Wichtige Erkenntnisse
- Eine Infektion stellt ein häufiges Risiko bei der Hämodialyse dar und erfordert möglicherweise eine Behandlung mit Antibiotika.
- Die Körperchemie kann durch zu viel Flüssigkeit, Elektrolytstörungen und niedrigen Blutdruck gestört sein.
- Die Behandlung hängt davon ab, was Ihre Hämodialysekomplikationen verursacht.
Die Hämodialyse kann erhebliche Nebenwirkungen und Komplikationen verursachen.
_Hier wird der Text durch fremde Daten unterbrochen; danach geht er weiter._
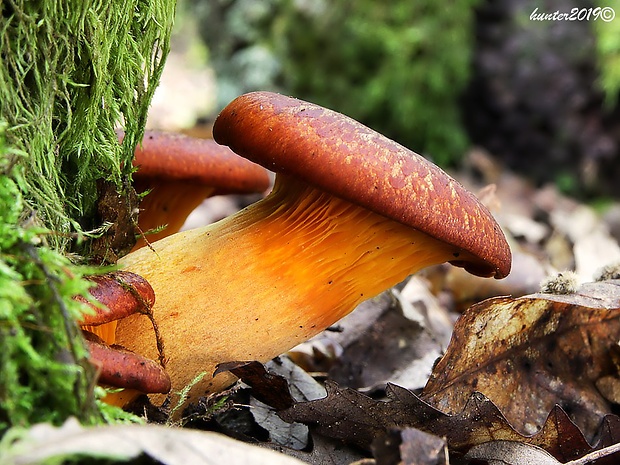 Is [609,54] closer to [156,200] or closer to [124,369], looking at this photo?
[156,200]

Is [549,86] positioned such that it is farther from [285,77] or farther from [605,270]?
[605,270]

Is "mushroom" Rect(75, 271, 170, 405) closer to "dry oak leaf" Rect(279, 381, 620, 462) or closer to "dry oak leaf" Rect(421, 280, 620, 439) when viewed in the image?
"dry oak leaf" Rect(279, 381, 620, 462)

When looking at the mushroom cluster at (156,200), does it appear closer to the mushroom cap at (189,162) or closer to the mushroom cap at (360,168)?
the mushroom cap at (189,162)

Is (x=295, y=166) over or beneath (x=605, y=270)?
over

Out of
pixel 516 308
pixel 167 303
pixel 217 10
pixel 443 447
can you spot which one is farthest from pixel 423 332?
pixel 217 10

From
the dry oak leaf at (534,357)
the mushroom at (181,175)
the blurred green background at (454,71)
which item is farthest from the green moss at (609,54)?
the mushroom at (181,175) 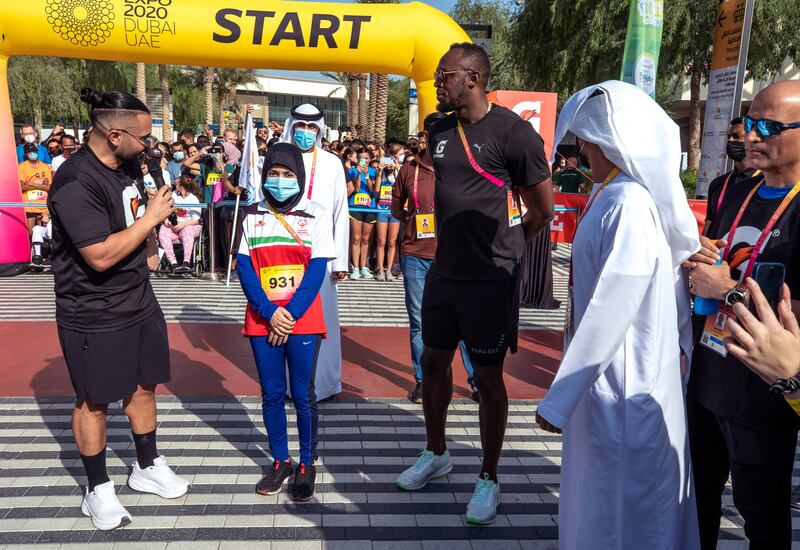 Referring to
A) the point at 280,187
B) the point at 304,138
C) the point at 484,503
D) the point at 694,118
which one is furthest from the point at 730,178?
the point at 694,118

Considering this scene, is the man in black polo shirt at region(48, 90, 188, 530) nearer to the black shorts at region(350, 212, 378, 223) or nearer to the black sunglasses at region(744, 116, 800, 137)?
the black sunglasses at region(744, 116, 800, 137)

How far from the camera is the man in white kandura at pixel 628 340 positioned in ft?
7.27

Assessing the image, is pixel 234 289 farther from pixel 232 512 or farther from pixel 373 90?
pixel 373 90

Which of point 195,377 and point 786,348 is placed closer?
point 786,348

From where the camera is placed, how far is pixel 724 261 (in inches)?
96.8

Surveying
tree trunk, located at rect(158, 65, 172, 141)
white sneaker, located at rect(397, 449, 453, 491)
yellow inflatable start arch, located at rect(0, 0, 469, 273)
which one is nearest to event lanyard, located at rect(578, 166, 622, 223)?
white sneaker, located at rect(397, 449, 453, 491)

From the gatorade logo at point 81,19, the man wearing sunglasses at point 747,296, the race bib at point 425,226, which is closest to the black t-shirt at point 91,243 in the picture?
the race bib at point 425,226

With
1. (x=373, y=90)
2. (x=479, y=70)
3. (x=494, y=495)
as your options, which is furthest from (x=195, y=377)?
(x=373, y=90)

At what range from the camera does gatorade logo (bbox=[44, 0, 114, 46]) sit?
816 cm

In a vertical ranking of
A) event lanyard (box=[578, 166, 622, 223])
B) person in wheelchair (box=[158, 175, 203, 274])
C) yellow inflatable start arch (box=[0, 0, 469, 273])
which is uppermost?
yellow inflatable start arch (box=[0, 0, 469, 273])

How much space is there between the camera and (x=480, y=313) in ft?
10.6

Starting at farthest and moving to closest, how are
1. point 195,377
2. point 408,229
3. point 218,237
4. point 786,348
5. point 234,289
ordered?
point 218,237
point 234,289
point 195,377
point 408,229
point 786,348

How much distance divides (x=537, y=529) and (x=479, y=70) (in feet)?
7.70

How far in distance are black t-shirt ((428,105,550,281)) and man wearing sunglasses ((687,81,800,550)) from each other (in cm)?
100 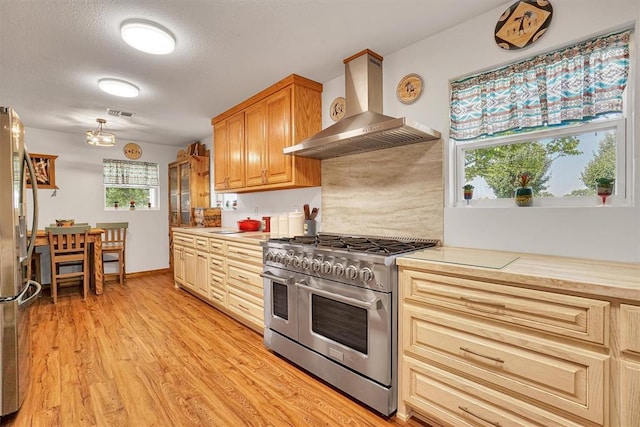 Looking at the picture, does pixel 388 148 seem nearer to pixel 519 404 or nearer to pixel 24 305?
pixel 519 404

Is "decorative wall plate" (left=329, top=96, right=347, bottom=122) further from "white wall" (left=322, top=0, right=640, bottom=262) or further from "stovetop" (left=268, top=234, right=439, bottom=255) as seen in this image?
"stovetop" (left=268, top=234, right=439, bottom=255)

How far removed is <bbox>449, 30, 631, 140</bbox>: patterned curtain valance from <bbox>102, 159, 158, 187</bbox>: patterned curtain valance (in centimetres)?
534

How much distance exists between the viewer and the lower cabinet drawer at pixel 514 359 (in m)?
1.15

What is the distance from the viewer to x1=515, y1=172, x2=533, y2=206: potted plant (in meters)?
1.83

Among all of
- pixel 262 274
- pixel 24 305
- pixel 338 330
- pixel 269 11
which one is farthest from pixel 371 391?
pixel 269 11

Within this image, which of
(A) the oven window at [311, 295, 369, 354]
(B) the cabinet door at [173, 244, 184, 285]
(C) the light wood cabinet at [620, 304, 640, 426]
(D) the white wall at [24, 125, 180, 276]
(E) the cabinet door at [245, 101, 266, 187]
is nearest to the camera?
(C) the light wood cabinet at [620, 304, 640, 426]

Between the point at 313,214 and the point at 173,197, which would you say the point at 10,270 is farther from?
the point at 173,197

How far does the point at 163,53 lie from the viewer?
229cm

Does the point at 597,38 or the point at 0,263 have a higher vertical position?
the point at 597,38

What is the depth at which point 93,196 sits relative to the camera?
5.04 metres

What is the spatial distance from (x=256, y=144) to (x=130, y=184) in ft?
11.2

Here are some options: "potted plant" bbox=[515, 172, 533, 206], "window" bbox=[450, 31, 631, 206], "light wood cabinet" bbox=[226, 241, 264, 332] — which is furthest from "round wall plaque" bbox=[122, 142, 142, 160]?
"potted plant" bbox=[515, 172, 533, 206]

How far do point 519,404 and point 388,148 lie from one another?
1790mm

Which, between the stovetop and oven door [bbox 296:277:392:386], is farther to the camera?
the stovetop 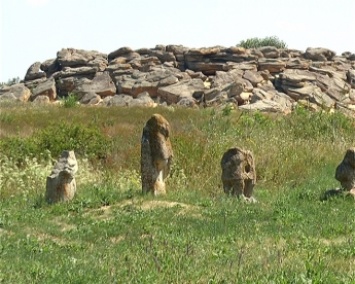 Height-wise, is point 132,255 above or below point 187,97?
above

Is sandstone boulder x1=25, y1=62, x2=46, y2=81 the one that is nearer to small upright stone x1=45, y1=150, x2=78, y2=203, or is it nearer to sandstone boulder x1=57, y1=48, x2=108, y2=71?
sandstone boulder x1=57, y1=48, x2=108, y2=71

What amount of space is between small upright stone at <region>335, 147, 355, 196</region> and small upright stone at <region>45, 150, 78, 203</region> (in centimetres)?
621

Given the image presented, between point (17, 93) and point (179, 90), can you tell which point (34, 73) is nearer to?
point (17, 93)

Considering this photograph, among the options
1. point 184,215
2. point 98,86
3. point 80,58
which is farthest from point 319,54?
point 184,215

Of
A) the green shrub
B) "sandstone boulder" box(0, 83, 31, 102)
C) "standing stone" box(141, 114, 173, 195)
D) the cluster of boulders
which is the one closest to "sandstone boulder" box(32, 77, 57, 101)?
the cluster of boulders

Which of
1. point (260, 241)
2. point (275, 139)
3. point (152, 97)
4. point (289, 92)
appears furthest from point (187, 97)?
point (260, 241)

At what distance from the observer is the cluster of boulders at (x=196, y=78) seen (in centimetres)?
4756

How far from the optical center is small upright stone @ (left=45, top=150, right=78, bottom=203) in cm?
1269

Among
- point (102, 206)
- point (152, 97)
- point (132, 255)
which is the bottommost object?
point (152, 97)

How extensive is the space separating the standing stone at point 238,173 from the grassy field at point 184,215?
16.0 inches

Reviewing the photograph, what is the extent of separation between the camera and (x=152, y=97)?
168 feet

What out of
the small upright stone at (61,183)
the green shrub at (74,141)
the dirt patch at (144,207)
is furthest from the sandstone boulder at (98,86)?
the dirt patch at (144,207)

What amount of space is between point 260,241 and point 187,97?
39.8 metres

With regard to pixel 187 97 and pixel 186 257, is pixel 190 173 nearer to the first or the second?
pixel 186 257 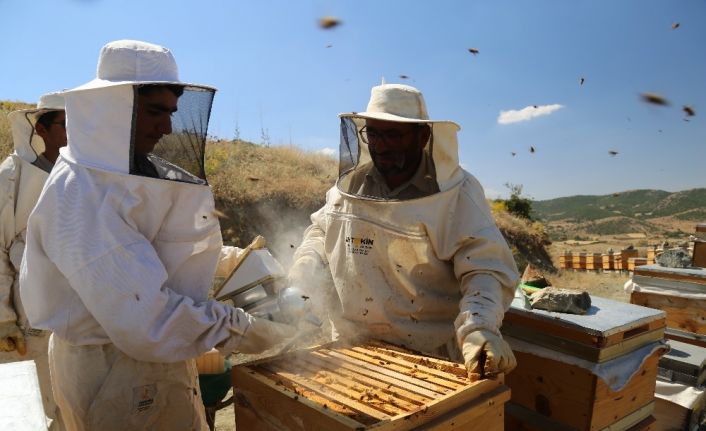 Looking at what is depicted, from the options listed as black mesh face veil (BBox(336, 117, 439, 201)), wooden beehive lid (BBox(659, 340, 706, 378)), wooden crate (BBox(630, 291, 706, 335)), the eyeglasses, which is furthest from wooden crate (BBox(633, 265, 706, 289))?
the eyeglasses

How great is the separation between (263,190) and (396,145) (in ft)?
28.6

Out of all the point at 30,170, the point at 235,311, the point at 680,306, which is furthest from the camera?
the point at 680,306

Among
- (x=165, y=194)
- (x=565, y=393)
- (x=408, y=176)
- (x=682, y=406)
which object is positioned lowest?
(x=682, y=406)

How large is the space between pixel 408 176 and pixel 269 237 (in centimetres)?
780

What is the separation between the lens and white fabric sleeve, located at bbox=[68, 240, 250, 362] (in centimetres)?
173

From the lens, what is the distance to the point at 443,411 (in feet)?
5.60

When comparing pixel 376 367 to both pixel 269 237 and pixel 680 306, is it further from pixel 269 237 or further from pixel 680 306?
pixel 269 237

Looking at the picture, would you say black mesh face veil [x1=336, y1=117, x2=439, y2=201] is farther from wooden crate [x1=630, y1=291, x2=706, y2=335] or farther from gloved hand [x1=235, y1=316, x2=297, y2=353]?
wooden crate [x1=630, y1=291, x2=706, y2=335]

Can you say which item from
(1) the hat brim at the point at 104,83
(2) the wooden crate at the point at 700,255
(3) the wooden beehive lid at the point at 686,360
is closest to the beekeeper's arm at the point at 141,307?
(1) the hat brim at the point at 104,83

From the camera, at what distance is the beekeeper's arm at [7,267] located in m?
3.43

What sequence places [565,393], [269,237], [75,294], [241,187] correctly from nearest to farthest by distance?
[75,294], [565,393], [269,237], [241,187]

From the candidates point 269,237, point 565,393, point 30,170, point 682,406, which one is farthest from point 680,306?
point 269,237

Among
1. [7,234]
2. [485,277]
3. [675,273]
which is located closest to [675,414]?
[675,273]

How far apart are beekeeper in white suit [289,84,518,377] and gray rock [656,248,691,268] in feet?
12.0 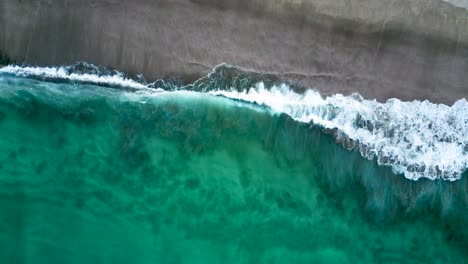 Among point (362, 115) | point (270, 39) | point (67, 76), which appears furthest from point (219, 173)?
point (67, 76)

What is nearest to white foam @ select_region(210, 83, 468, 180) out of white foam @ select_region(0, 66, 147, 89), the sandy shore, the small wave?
the small wave

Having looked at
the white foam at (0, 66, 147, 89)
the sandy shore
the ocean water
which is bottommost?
the ocean water

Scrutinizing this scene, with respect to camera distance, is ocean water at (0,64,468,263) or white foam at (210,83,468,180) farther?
white foam at (210,83,468,180)

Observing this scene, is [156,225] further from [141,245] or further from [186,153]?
[186,153]

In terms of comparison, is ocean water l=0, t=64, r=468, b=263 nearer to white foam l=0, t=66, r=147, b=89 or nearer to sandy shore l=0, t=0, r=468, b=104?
white foam l=0, t=66, r=147, b=89

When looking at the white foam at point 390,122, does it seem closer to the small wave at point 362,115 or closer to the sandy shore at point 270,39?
the small wave at point 362,115

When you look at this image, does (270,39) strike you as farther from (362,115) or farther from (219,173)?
(219,173)

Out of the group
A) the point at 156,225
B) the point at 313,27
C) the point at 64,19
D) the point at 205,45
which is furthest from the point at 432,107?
the point at 64,19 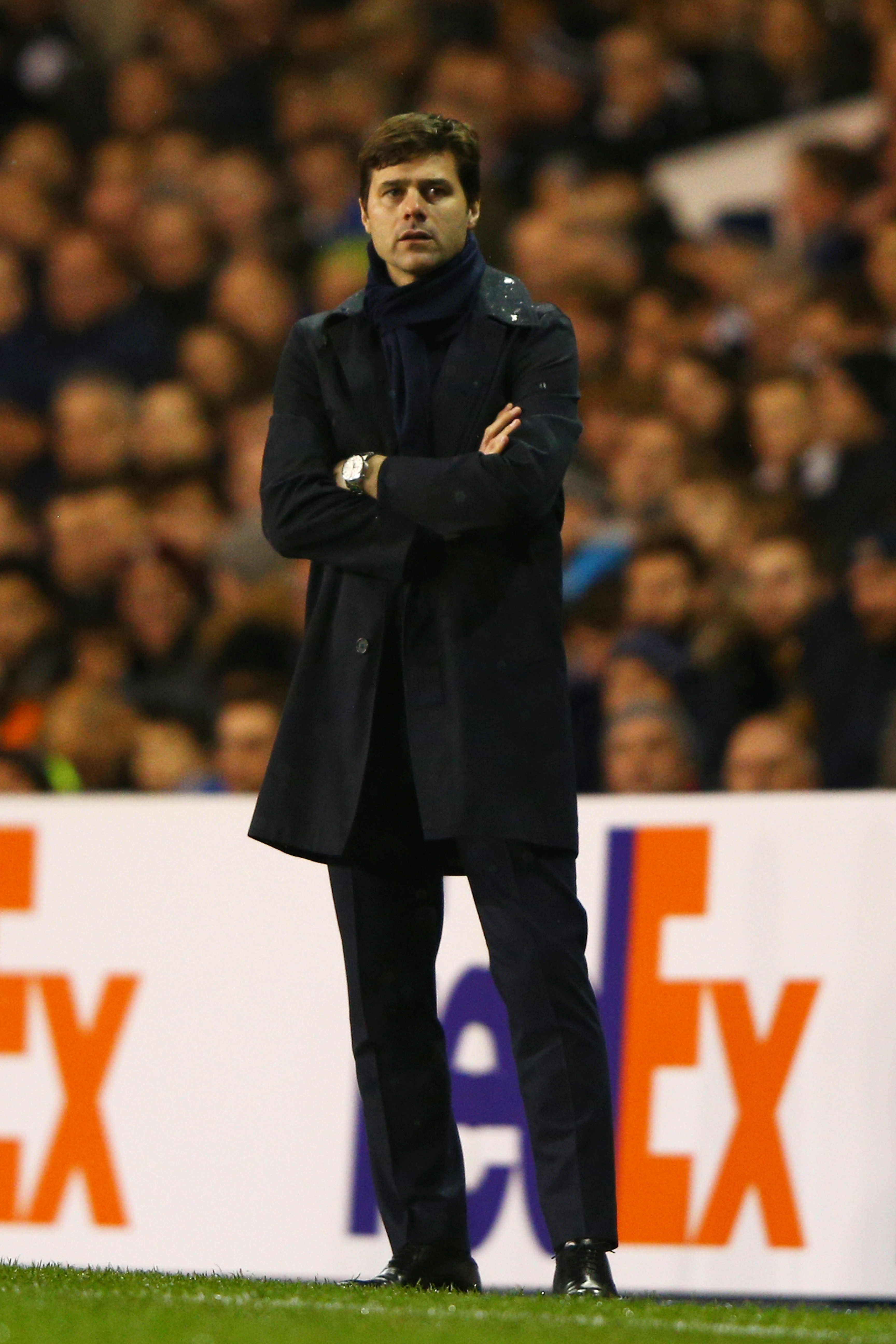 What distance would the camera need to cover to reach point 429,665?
136 inches

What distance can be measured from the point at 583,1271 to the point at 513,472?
1.21 metres

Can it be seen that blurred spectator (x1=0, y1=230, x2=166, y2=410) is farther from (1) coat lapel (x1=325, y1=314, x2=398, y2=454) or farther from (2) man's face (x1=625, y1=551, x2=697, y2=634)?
(1) coat lapel (x1=325, y1=314, x2=398, y2=454)

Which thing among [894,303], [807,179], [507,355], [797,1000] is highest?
[807,179]

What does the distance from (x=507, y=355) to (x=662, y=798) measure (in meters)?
1.31

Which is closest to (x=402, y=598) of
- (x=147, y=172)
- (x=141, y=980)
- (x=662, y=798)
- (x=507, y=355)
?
(x=507, y=355)

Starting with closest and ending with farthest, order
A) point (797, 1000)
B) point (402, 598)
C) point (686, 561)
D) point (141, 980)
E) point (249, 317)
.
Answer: point (402, 598)
point (797, 1000)
point (141, 980)
point (686, 561)
point (249, 317)

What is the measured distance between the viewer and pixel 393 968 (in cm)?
358

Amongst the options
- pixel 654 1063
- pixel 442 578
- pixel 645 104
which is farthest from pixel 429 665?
pixel 645 104

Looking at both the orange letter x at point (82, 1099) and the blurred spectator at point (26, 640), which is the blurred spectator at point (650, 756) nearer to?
the orange letter x at point (82, 1099)

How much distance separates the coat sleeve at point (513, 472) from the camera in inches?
133

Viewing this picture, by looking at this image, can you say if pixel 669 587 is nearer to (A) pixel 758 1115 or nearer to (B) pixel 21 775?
(B) pixel 21 775

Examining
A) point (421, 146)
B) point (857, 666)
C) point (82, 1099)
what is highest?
point (421, 146)

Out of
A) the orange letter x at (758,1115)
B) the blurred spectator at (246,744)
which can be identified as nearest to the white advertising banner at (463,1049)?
the orange letter x at (758,1115)

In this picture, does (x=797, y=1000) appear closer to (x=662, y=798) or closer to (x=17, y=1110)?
(x=662, y=798)
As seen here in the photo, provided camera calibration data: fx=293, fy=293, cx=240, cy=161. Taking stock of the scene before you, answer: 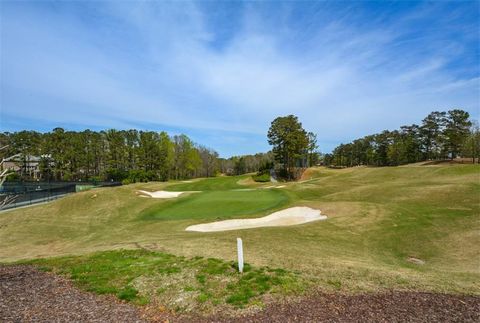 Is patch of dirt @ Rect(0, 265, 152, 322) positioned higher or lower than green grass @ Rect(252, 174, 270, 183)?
lower

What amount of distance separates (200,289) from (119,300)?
2016 millimetres

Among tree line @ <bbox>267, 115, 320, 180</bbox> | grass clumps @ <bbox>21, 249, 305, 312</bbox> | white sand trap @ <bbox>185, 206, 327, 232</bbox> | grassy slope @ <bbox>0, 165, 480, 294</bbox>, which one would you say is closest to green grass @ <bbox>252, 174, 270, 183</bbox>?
tree line @ <bbox>267, 115, 320, 180</bbox>

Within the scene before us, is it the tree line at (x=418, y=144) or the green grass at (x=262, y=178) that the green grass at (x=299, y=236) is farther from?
the tree line at (x=418, y=144)

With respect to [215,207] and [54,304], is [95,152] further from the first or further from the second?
[54,304]

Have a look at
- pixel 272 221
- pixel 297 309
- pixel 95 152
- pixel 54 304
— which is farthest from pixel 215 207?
pixel 95 152

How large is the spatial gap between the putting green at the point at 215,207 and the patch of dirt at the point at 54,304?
508 inches

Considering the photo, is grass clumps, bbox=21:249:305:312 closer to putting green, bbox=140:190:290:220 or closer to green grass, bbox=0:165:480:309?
green grass, bbox=0:165:480:309

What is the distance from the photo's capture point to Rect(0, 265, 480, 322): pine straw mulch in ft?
19.7

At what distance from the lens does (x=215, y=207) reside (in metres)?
24.4

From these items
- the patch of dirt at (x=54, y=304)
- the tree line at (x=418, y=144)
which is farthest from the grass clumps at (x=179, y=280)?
the tree line at (x=418, y=144)

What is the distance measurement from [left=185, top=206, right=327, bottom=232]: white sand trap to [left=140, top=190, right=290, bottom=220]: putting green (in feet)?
4.48

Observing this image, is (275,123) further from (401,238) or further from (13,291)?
(13,291)

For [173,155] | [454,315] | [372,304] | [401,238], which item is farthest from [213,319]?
[173,155]

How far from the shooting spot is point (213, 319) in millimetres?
6223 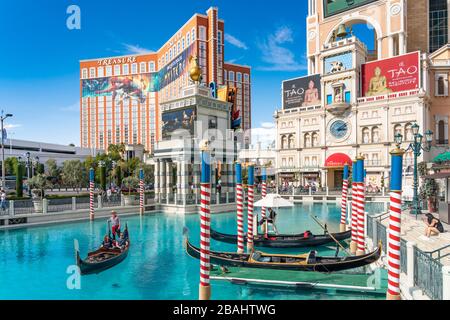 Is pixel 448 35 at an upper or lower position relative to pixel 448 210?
upper

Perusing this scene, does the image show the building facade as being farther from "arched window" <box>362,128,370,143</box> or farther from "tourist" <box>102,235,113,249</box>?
"tourist" <box>102,235,113,249</box>

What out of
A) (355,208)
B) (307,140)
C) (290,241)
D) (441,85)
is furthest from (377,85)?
(290,241)

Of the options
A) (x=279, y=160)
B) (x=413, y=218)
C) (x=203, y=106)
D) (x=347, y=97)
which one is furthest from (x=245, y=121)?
(x=413, y=218)

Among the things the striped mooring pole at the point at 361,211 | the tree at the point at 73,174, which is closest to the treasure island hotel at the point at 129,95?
the tree at the point at 73,174

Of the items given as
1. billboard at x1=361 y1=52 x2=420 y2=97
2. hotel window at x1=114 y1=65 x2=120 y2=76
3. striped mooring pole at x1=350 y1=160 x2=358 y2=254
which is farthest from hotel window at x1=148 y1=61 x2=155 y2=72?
striped mooring pole at x1=350 y1=160 x2=358 y2=254

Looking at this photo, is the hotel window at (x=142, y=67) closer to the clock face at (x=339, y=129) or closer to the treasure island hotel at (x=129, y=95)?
the treasure island hotel at (x=129, y=95)

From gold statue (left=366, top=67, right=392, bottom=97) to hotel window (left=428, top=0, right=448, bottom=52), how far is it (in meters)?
11.0

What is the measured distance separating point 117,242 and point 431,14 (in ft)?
165

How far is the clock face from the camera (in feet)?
139

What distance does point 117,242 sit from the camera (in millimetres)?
13141

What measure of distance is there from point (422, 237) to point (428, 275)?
5171 mm

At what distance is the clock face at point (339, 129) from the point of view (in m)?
42.4

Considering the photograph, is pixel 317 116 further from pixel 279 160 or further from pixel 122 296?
pixel 122 296

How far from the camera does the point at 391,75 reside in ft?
129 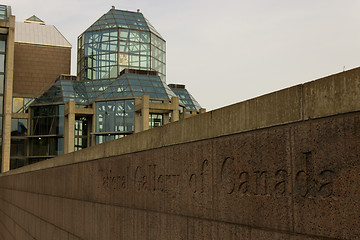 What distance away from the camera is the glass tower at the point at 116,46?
62125 millimetres

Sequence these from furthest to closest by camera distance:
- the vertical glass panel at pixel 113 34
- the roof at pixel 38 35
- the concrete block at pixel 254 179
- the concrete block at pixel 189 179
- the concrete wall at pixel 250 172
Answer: the roof at pixel 38 35
the vertical glass panel at pixel 113 34
the concrete block at pixel 189 179
the concrete block at pixel 254 179
the concrete wall at pixel 250 172

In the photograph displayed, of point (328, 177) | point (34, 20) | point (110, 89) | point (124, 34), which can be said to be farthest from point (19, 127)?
point (328, 177)

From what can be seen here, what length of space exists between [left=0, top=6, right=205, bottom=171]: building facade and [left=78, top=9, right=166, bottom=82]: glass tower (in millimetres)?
128

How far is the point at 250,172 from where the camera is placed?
3.73 meters

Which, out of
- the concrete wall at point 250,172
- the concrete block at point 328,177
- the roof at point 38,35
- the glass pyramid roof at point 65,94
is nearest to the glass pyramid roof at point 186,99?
the glass pyramid roof at point 65,94

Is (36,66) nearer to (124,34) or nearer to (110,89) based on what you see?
(124,34)

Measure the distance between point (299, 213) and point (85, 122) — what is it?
178 ft

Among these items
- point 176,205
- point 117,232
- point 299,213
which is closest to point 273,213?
point 299,213

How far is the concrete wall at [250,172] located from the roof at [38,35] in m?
66.3

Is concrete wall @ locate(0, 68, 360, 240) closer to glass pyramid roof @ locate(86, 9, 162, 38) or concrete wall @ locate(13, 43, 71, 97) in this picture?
glass pyramid roof @ locate(86, 9, 162, 38)

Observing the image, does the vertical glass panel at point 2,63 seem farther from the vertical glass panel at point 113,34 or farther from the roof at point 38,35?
the roof at point 38,35

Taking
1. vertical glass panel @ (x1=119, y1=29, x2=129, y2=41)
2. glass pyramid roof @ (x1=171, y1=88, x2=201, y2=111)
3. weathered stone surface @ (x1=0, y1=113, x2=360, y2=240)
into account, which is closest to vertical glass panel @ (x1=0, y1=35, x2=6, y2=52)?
vertical glass panel @ (x1=119, y1=29, x2=129, y2=41)

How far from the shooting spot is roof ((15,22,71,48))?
2729 inches

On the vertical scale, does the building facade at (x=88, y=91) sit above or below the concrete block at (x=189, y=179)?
above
Viele der Probleme hängen mit der Schaffung eines Dialysezugangs zusammen, über den Blut aus dem Körper entnommen und in einem Dialysegerät gereinigt wird.
Weitere Komplikationen werden durch das Ungleichgewicht von Flüssigkeiten und Elektrolyten im Körper und dessen Auswirkungen auf den Blutdruck und die Herzfunktion verursacht.
Um Komplikationen bei der Hämodialyse zu vermeiden, ist eine sorgfältige Behandlung durch Ihren Nephrologen (Nierenspezialisten), das Dialyseteam und Sie als Patient erforderlich. Wenn Sie die Ursachen und Symptome kennen, kann sichergestellt werden, dass die Behandlung im Falle einer Komplikation schnell erfolgt und so Ihr Leben, Ihre Gesundheit und Ihr Wohlbefinden weiter verlängert werden.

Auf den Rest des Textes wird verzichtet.